The accumulation of reactive oxygen species (ROS) is a common feature of tauopathies, defined by Tau accumulations in neurons and glia. High ROS in neurons causes lipid production and the export of toxic peroxidated lipids (LPOs). Glia uptake these LPOs and incorporate them into lipid droplets (LDs) for storage and catabolism. We found that overexpressing Tau in glia disrupts LDs in flies and rat neuron–astrocyte co-cultures, sensitizing the glia to toxic, neuronal LPOs. Using a new fly tau loss-of-function allele and RNA-mediated interference, we found that endogenous Tau is required for glial LD formation and protection against neuronal LPOs. Similarly, endogenous Tau is required in rat astrocytes and human oligodendrocyte-like cells for LD formation and the breakdown of LPOs. Behaviorally, flies lacking glial Tau have decreased lifespans and motor defects that are rescuable by administering the antioxidant N-acetylcysteine amide. Overall, this work provides insights into the important role that Tau has in glia to mitigate ROS in the brain.

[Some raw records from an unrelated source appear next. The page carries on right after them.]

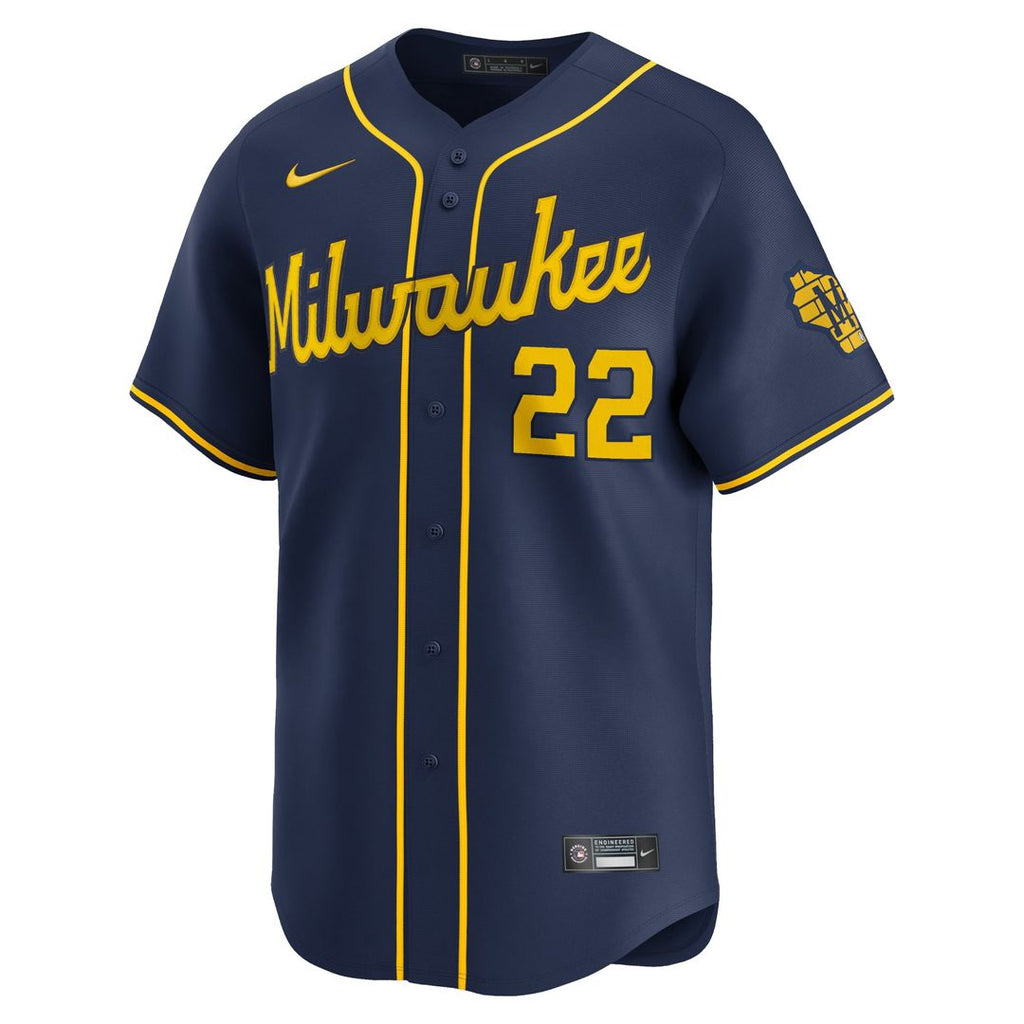 Christian Yelich Milwaukee Brewers Nike Alternate Limited Player Jersey – Navy | MLB Fan Gear
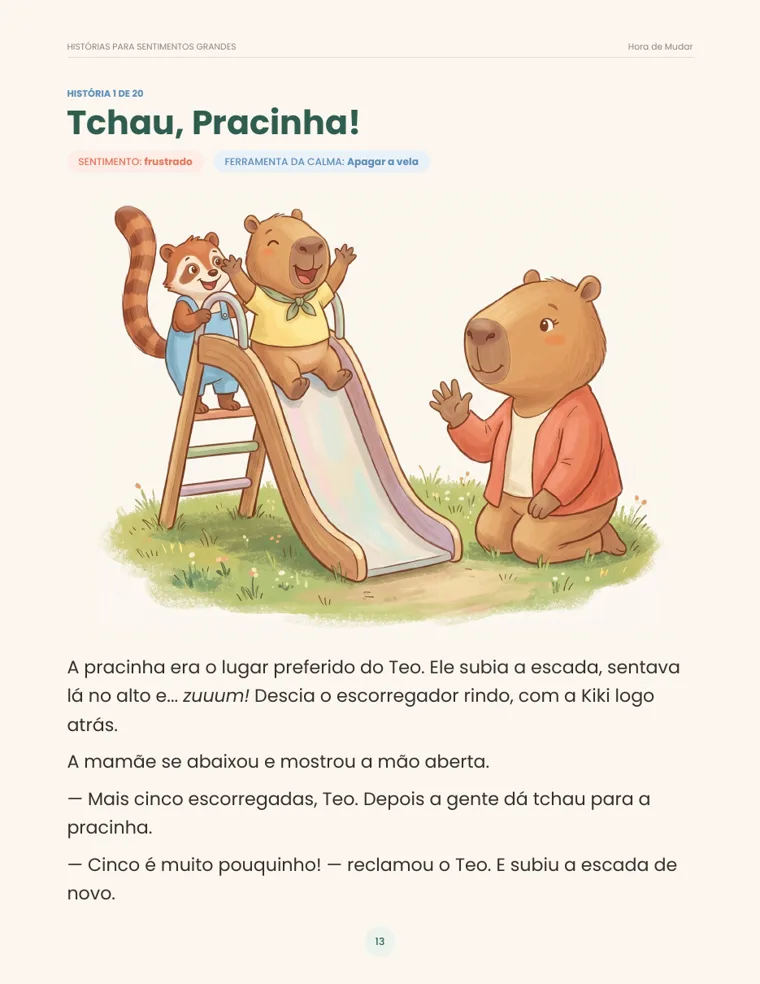 Primeira página da história Tchau, Pracinha!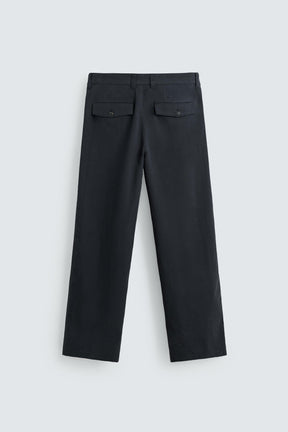 REGULAR FIT TEXTURED TROUSERS - Image 7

活性氧 （ROS） 的积累是 tau 蛋白病的常见特征，其定义是 Tau 蛋白在神经元和神经胶质细胞中的积累。神经元中的高 ROS 会导致脂质产生和有毒过氧化物脂质 （LPO） 的出口。神经胶质细胞吸收这些 LPO 并将其掺入脂滴 （LD） 中以进行储存和分解代谢。我们发现，在神经胶质细胞中过表达 Tau 会破坏果蝇和大鼠神经元-星形胶质细胞共培养物中的 LDs，使神经胶质细胞对有毒的神经元 LPO 敏感。使用新的果蝇 tau 功能丧失等位基因和 RNA 介导的干扰，我们发现内源性 Tau 是神经胶质 LD 形成和保护神经元 LPO 所必需的。同样，大鼠星形胶质细胞和人少突胶质细胞样细胞需要内源性 Tau 来形成 LD 和 LPO 分解。从行为上讲，缺乏神经胶质细胞 Tau 的果蝇寿命缩短和运动缺陷，这些缺陷可以通过施用抗氧化剂 N-乙酰半胱氨酸酰胺来补救。总体而言，这项工作提供了对 Tau 在神经胶质细胞中减轻大脑 ROS 的重要作用的见解。